By mapping the preceding concepts to Kubernetes, you can understand why the Kubernetes scheduling system supports coscheduling for batch jobs. A batch job (equivalent to a related process group) contains N pods (equivalent to processes.) The Kubernetes scheduler schedules these N pods to run simultaneously on M nodes (equivalent to processors.) Assume this batch job can run as long as a certain number of pods are started simultaneously. We define the minimum number of pods that we need to start simultaneously as min-available. When min-available is equal to N, the batch job must meet the gang scheduling requirements.
Kubernetes is widely used in online service orchestration.

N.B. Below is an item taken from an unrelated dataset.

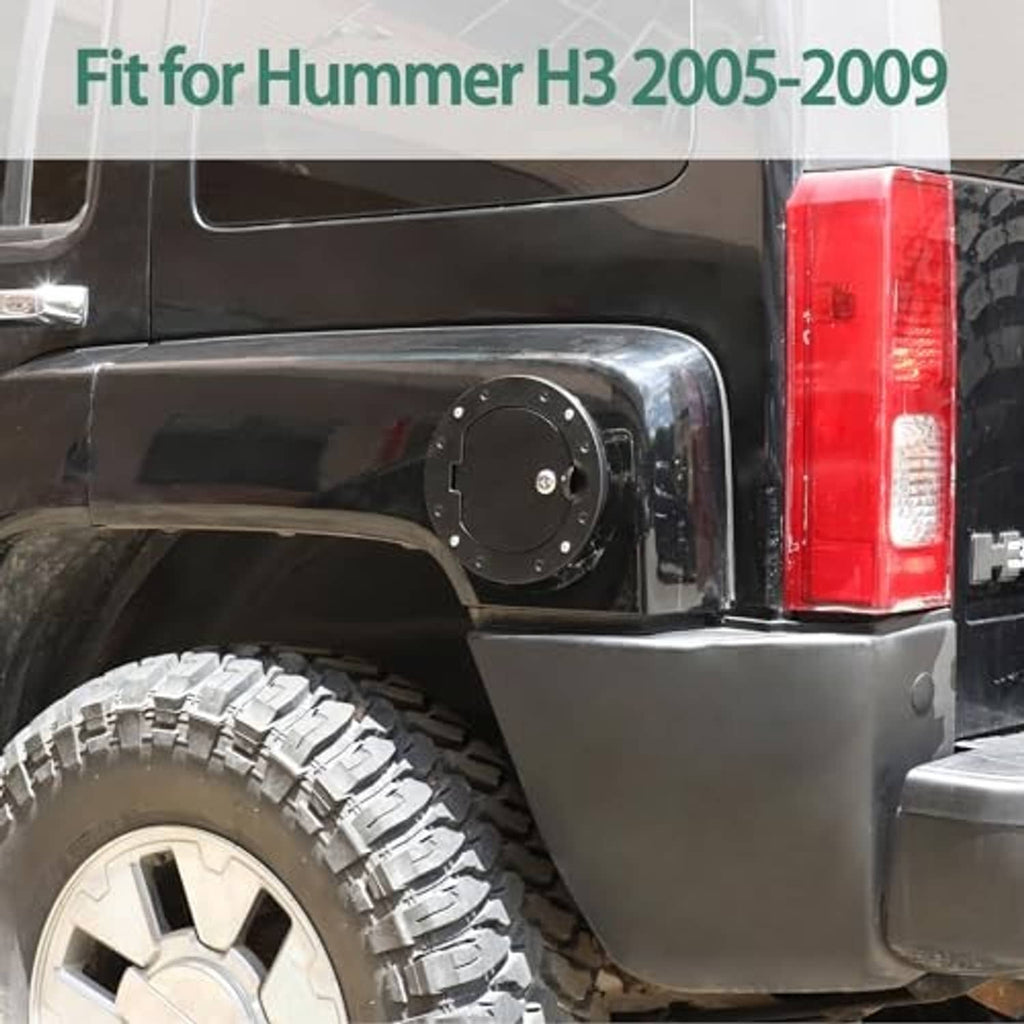 Black locking fuel filler door cover installed on truck rear quarter panel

To improve the utilization and operating efficiency of clusters, we hope to use Kubernetes as a unified management platform to manage online services and offline jobs. The default scheduler schedules pods serially without considering the relationship between pods. However, many offline jobs that involve data computing require combined scheduling. Combined scheduling means that all tasks must be created before the overall job can run properly. If some tasks are started but other tasks are not, the started tasks wait for the scheduler to schedule the remaining tasks. This is a gang scheduling scenario.

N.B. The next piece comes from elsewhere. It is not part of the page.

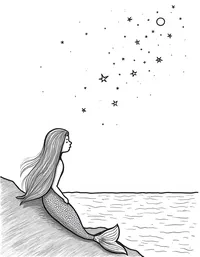 Mermaid watching meteor shower above the ocean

As shown in the following figure, JobA can only run properly when four pods are started at the same time. Kube-scheduler sequentially schedules and creates three pods. However, cluster resources are insufficient for Kube-scheduler to schedule the fourth pod. As a result, the first three pods for JobA remain in the pending state and continue to occupy resources. If the fourth pod cannot be started in time, the entire JobA cannot be run, and worse still, the occupied cluster resources are wasted.
In a worse case, as shown in the following figure, other cluster resources are occupied by the first three pods of JobB and Kube-scheduler is also waiting to create the fourth pod for JobB. As a result, a deadlock occurs, rendering the entire cluster inoperable.
To overcome the preceding pain points, the community provides the Kube-batch project and the Volcano project derived from the Kube-batch project. Specifically, the community developed a new scheduler to schedule PodGroups instead of pods during scheduling. In other words, the scheduler schedules pods by group. In these projects, the new scheduler schedules pods that require the coscheduling feature, and Kube-scheduler schedules other pods, such as those that run online services.
These projects can resolve coscheduling problems but create new problems. As we all know, a scheduler needs to centralize resources in a single cluster. However, if two schedulers coexist in the same cluster, decision conflicts may occur. For example, one unit of resources may be separately allocated to two different pods. As a result, a pod scheduled to a node may fail to be created due to insufficient resources. The only solutions are to forcibly divide nodes using labels or deploy multiple clusters. In this case, both online services and offline jobs are run in the same Kubernetes cluster, inevitably wasting cluster resources and increasing O&M costs. Furthermore, to run the Volcano project, you must start the custom MutatingAdmissionWebhook
and ValidatingAdmissionWebhook
. These webhooks pose introduce single point of failure risks. If any webhook fails, all the pods in the cluster may fail to be created. Running an additional scheduler also increases the complexity of maintenance and compromises on compatibility with the upstream Kube-scheduler API.
In the first article in this series, we introduced the architectural principles and development method of the Kubernetes Scheduling Framework. On this basis, we can extend and implement a coscheduling plug-in to enable the native Kubernetes scheduler to schedule batch jobs while avoiding the problems of the preceding solution. The previous article also provided a detailed description of the Scheduling Framework. You are welcome to read it for more information.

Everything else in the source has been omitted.